╔══

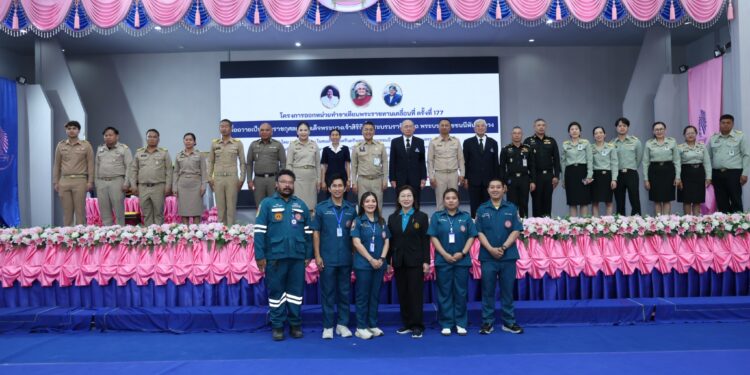มูลนิธิป่อเต็กตึ๊ง สนับสนุนค่าพาหนะ และสิ่งของ ให้แก่ ผู้รับขาเทียม ช่างและอาสาสมัคร ในโครงการออกหน่วยทำขาเทียม พระราชทานเคลื่อนที่ ครั้งที่ 177 จังหวัดอุบลราชธานี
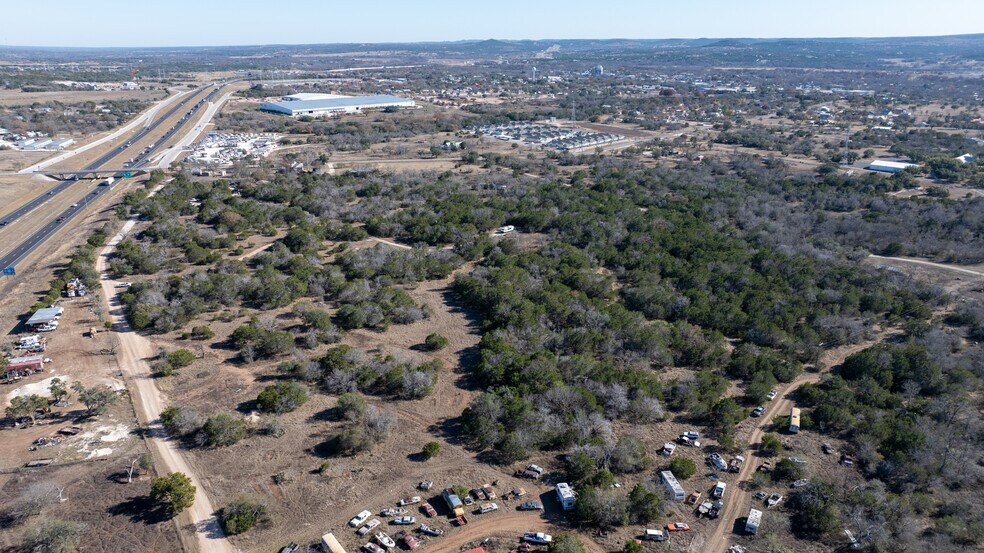 More Photos Of 854 N Creek Rd, Comfort Land For Lease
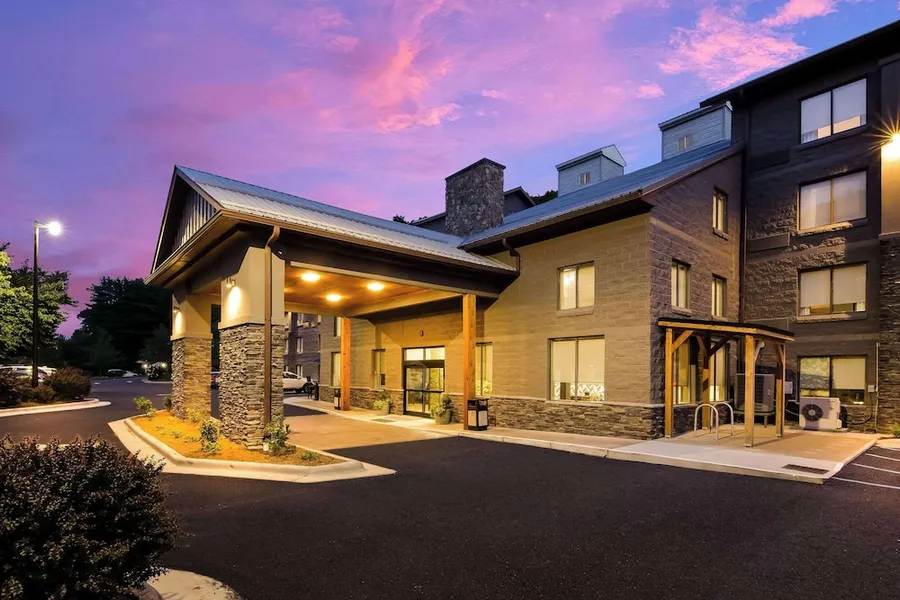 Graystone Lodge, an Ascend Collection Hotel hotel detail image 2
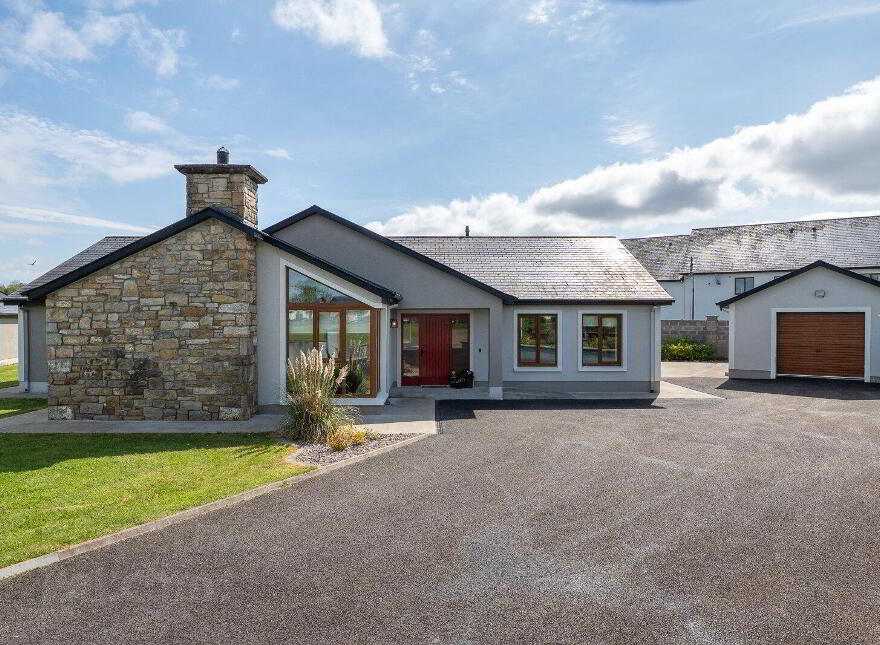 24 Mac Oisin Place, Dromod, Carrick On Shannon, N41Y8C4 photo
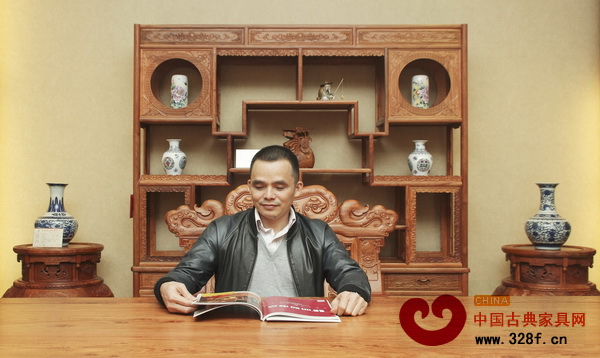 雅仕軒紅木總經(jīng)理陳君 雅仕軒紅木總經(jīng)理陳君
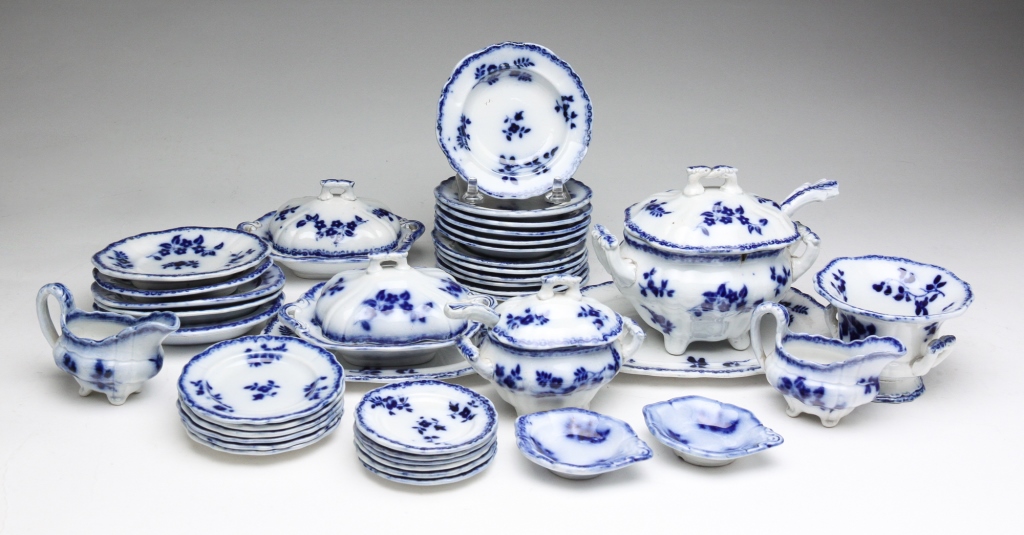 GROUP OF MINIATURE FLOW BLUE CHINA.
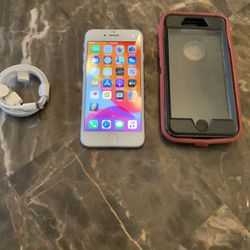 iPhone 7 Silver 32gb Unlocked With Case With Fortnite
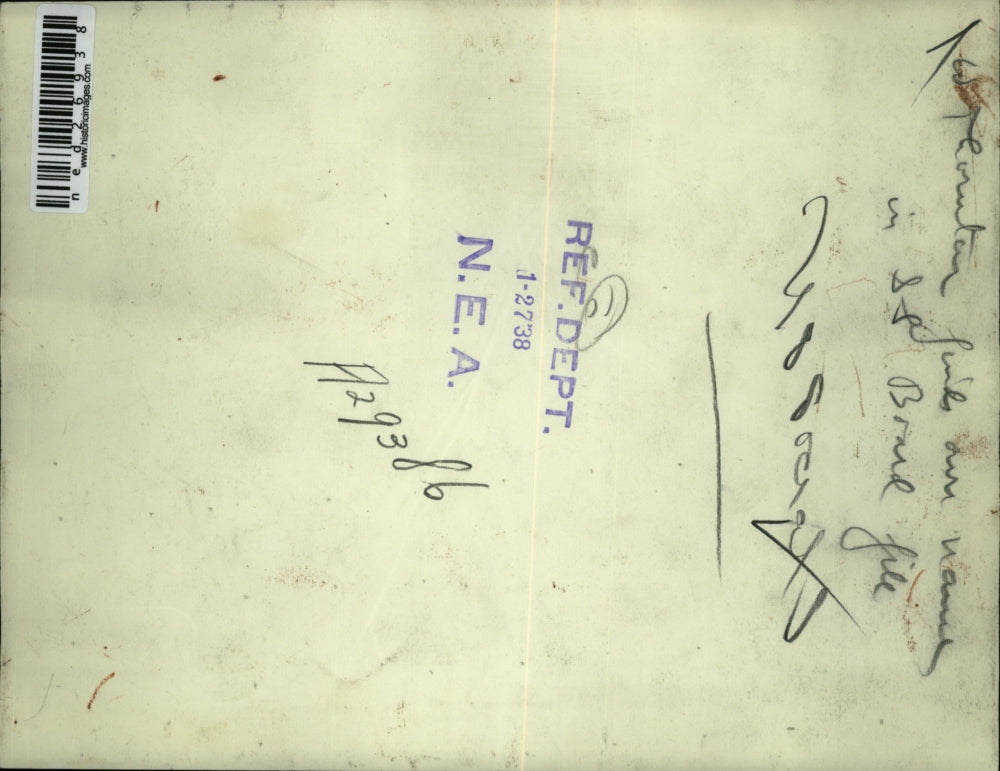 1938 Press Photo Thornton looks up U.S. Social Security name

╚══

PROBLEM TO SOLVE:
Each line from the one with "雅仕軒紅木總經(jīng)理陳君 雅仕軒紅木總經(jīng)理陳君" through the final line of the records must be copied exactly, with no pictures and no additional lines.

ANSWER TO THIS TASK:
 雅仕軒紅木總經(jīng)理陳君 雅仕軒紅木總經(jīng)理陳君
 GROUP OF MINIATURE FLOW BLUE CHINA.
 iPhone 7 Silver 32gb Unlocked With Case With Fortnite
 1938 Press Photo Thornton looks up U.S. Social Security name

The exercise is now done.